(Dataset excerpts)
----------

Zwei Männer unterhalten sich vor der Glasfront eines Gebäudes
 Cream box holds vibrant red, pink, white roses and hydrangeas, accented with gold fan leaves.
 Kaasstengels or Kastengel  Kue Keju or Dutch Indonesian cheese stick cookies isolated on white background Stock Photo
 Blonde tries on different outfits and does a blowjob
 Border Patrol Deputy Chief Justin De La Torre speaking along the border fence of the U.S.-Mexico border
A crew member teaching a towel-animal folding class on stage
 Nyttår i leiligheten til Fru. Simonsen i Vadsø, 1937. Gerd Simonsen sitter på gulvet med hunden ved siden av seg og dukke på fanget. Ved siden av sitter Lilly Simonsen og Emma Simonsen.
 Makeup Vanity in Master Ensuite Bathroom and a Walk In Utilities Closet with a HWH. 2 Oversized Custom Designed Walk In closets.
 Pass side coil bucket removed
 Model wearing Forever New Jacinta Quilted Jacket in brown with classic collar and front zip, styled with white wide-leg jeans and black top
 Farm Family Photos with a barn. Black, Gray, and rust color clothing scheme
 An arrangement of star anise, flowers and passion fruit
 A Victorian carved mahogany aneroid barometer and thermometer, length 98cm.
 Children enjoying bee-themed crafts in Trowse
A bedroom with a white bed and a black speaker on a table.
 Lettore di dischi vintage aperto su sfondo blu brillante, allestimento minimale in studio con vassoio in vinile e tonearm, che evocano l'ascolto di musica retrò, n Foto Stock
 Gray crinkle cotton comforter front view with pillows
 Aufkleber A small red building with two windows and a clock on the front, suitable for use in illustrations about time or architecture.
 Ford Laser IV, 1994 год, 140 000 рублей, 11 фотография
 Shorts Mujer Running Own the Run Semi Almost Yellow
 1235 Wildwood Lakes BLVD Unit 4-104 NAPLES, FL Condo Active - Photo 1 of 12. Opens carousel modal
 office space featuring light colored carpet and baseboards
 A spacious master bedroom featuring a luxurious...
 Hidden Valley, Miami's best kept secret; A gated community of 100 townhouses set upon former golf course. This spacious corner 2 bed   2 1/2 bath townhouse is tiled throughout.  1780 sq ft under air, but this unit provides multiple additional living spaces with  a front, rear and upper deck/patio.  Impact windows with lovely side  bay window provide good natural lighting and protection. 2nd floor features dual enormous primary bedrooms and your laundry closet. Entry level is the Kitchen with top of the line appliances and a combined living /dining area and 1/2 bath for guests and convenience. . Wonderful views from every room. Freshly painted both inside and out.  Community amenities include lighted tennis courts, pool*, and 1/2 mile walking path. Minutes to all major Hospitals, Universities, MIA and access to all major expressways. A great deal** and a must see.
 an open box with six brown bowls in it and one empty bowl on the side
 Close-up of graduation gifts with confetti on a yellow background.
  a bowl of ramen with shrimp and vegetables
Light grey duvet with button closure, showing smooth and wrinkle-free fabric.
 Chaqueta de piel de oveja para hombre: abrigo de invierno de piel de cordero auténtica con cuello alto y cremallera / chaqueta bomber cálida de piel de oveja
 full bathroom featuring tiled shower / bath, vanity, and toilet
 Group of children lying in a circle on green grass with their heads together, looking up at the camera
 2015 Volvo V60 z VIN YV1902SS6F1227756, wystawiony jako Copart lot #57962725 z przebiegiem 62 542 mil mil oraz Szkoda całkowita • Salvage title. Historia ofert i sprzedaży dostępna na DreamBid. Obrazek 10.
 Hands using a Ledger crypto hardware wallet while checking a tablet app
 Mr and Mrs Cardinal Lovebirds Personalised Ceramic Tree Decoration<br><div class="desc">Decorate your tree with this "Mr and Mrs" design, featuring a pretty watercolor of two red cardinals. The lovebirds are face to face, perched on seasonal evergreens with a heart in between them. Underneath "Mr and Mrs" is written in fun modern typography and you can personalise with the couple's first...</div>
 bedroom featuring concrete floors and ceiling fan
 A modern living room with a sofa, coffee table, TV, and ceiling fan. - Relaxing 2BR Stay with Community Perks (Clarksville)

----------

Each line containing the word "background" needs to be copied from the data above.

 Kaasstengels or Kastengel  Kue Keju or Dutch Indonesian cheese stick cookies isolated on white background Stock Photo
 Close-up of graduation gifts with confetti on a yellow background.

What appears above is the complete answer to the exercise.